Required work —
Beginning with the line that holds "Foto de Oficinas" and ending with the last line below, repeat each line exactly, leaving any pictures out.

Captioned web images
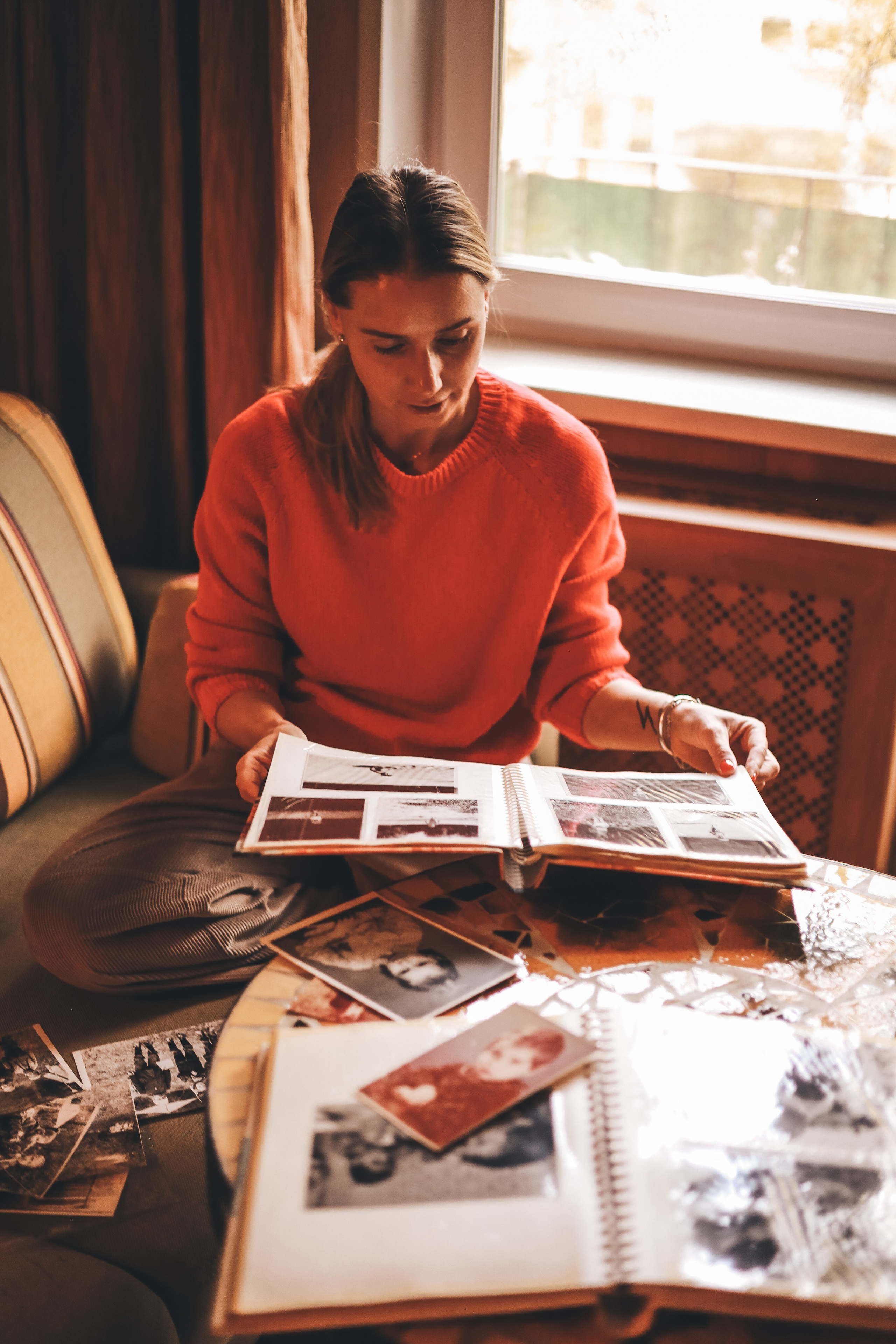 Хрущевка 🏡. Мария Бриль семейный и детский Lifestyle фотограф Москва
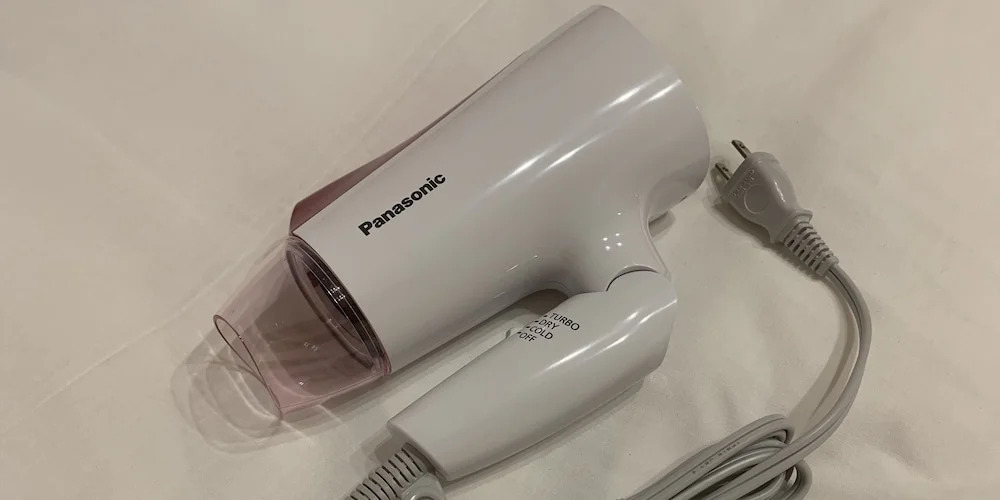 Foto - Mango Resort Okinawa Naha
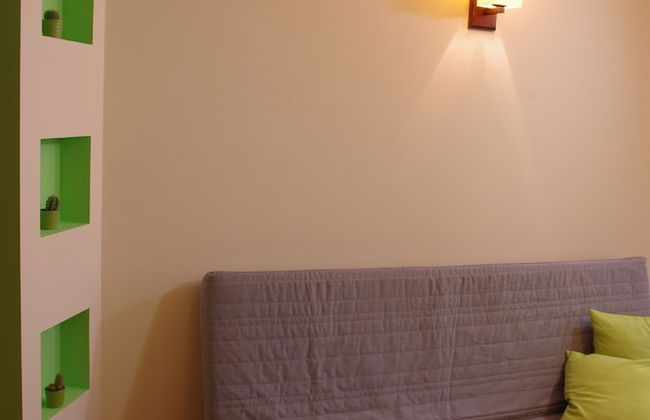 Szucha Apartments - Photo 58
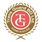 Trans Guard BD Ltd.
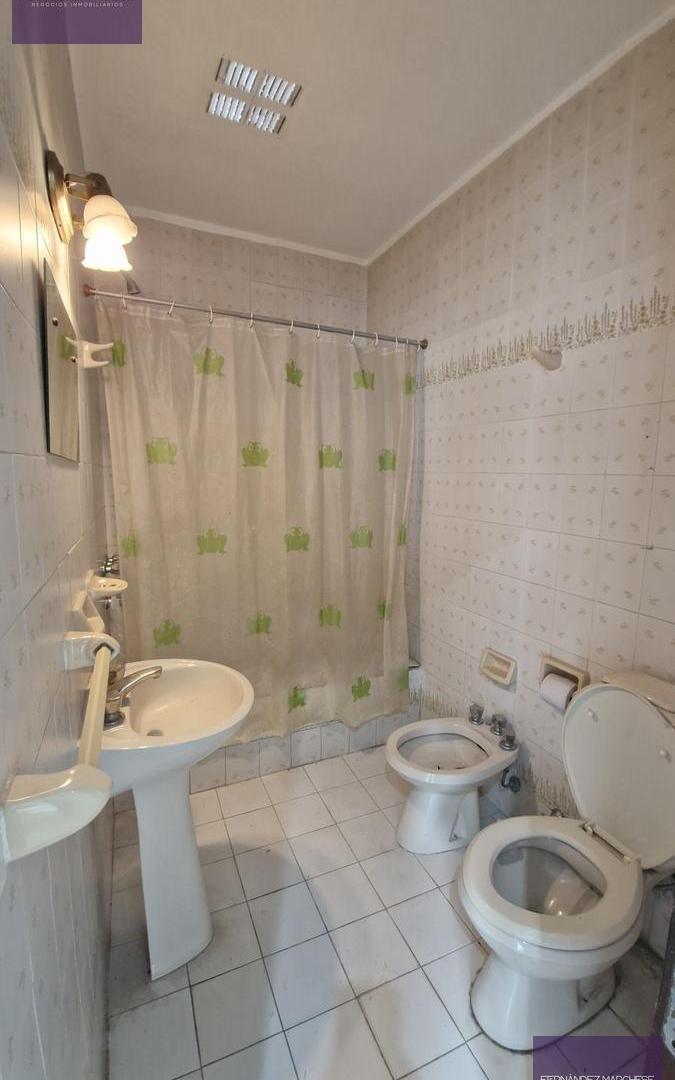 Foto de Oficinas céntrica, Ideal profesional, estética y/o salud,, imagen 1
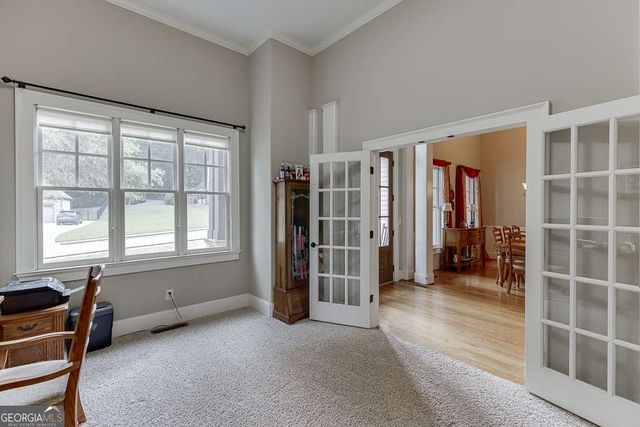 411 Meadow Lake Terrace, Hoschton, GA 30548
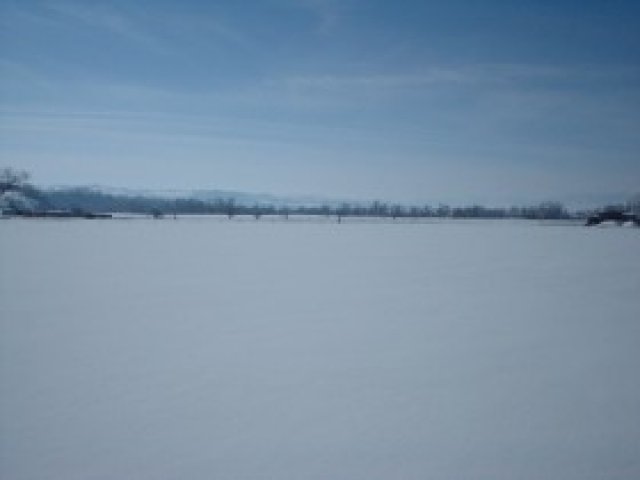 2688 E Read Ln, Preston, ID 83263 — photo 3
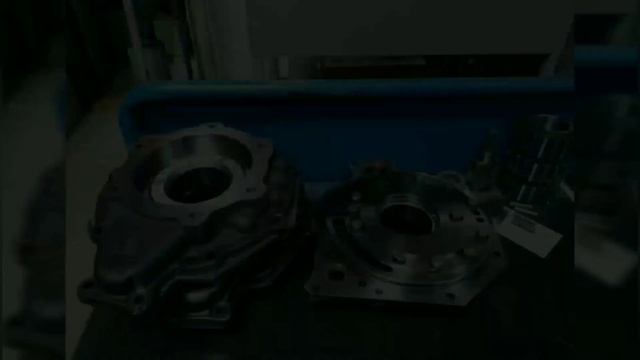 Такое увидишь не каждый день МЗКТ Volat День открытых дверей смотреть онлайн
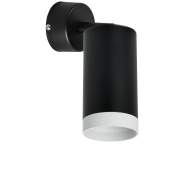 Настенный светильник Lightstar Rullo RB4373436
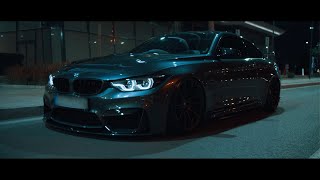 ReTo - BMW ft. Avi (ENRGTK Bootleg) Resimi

Exercise result —
 Foto de Oficinas céntrica, Ideal profesional, estética y/o salud,, imagen 1
 411 Meadow Lake Terrace, Hoschton, GA 30548
 2688 E Read Ln, Preston, ID 83263 — photo 3
 Такое увидишь не каждый день МЗКТ Volat День открытых дверей смотреть онлайн
 Настенный светильник Lightstar Rullo RB4373436
 ReTo - BMW ft. Avi (ENRGTK Bootleg) Resimi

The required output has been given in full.